Anche perché, come dice Cazzantonio, se un paccketto é masked allora quasi sicuramente ha dei malfunzionamenti (o, quantomeno, non ha nessuno che dice il contrario).

----------

## Cazzantonio

 *Ic3M4n wrote:*   

> ho preso quel "P.S. aggiungi [risolto] al titolo.... " come un "visto che è hard masked non è un problema che quel sw ti dia problemi", in effetti rileggendo il tutto non è proprio così.

 

No era solo che mi pareva che avesse risolto il problema quindi suggerivo di marchiare il topic "risolto"   :Laughing: 

----------

## Ic3M4n

 *Cazzantonio wrote:*   

> No era solo che mi pareva che avesse risolto il problema quindi suggerivo di marchiare il topic "risolto" 

 

beh... allora non posso che ri-scusarmi con te e chiedere scusa anche al forum per il casino fatto. a volte le parole scritte possono essere fraintese.

----------

## gutter

 *Onip wrote:*   

>  *Ic3M4n wrote:*   non mi sembra che sia il caso di essere così brutali. 
> 
> Io non ho notato tutto questo "bagno di sangue", ha semplicemente fatto un appunto IMHO giustissimo. Se si vogliono testare pachetti in qualche modo instabili (e se una cosa è hard-masked un motivo ci sarà) allora il posto in cui cercare non è qui, ma caso mai bugzilla.

 

@Ic3M4n: Onip e cazzantonio hanno perfettamente ragione dal momento che, come detto più volte, è spesso difficile fornire supporto per problemi derivanti da pacchetti in ~x86 e Hard-Masked dal momento che non è detto che li abbiamo installati anche noi  :Wink: 

Questo non significa che non se ne può parlare ma semplicemente che questo non è proprio il posto migliore. 
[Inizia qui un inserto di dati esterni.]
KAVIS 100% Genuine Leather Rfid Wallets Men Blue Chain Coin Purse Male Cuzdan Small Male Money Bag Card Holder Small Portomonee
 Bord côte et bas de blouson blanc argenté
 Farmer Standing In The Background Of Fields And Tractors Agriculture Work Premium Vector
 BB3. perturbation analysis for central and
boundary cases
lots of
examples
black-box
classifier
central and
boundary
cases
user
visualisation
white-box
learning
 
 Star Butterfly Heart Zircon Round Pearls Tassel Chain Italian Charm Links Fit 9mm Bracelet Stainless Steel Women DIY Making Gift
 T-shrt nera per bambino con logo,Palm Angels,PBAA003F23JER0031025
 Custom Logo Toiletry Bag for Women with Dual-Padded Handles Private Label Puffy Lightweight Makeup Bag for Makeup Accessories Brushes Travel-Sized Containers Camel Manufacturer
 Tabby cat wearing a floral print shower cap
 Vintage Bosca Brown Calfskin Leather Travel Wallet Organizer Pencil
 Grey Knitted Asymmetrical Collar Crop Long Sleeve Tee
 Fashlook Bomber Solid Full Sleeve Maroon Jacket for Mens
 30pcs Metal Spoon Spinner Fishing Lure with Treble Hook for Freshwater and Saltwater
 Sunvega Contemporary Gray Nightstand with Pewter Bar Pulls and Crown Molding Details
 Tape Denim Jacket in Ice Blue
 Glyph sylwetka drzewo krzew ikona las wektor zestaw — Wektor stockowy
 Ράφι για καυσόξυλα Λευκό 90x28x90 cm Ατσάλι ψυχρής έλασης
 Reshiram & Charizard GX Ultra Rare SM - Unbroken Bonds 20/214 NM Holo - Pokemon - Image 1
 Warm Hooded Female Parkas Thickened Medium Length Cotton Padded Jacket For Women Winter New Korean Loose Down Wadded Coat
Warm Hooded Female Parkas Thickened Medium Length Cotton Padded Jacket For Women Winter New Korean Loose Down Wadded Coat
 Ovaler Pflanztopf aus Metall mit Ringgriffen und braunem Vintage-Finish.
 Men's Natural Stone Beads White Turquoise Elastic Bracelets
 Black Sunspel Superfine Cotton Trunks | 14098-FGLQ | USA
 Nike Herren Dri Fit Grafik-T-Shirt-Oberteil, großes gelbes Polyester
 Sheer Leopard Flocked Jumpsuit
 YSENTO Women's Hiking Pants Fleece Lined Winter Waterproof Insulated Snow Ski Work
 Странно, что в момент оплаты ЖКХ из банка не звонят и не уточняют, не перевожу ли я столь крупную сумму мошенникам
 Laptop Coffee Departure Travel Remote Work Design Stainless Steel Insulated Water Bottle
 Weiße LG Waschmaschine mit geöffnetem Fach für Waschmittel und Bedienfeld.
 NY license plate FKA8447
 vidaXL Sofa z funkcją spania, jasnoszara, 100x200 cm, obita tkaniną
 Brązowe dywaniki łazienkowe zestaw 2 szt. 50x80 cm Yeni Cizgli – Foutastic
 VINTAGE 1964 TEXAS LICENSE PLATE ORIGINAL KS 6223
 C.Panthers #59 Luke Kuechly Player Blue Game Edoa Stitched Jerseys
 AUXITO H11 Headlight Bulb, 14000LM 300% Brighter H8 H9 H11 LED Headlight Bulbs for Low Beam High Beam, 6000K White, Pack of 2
Se un pacchetto è in ~ o HardMasked questo significa che il pacchetto non è ancora considerato perfettamente funzionante quindi lo sviluppatore che mantiene l'ebuild pensa che debba essere testato ancora un poco prima di essere rilasciato al grande pubblico. Ora dal momento che molti sviluppatori non seguono il forum in genere si ritiene che per fornire feedback sia più indicato bugs.gentoo.org.

----------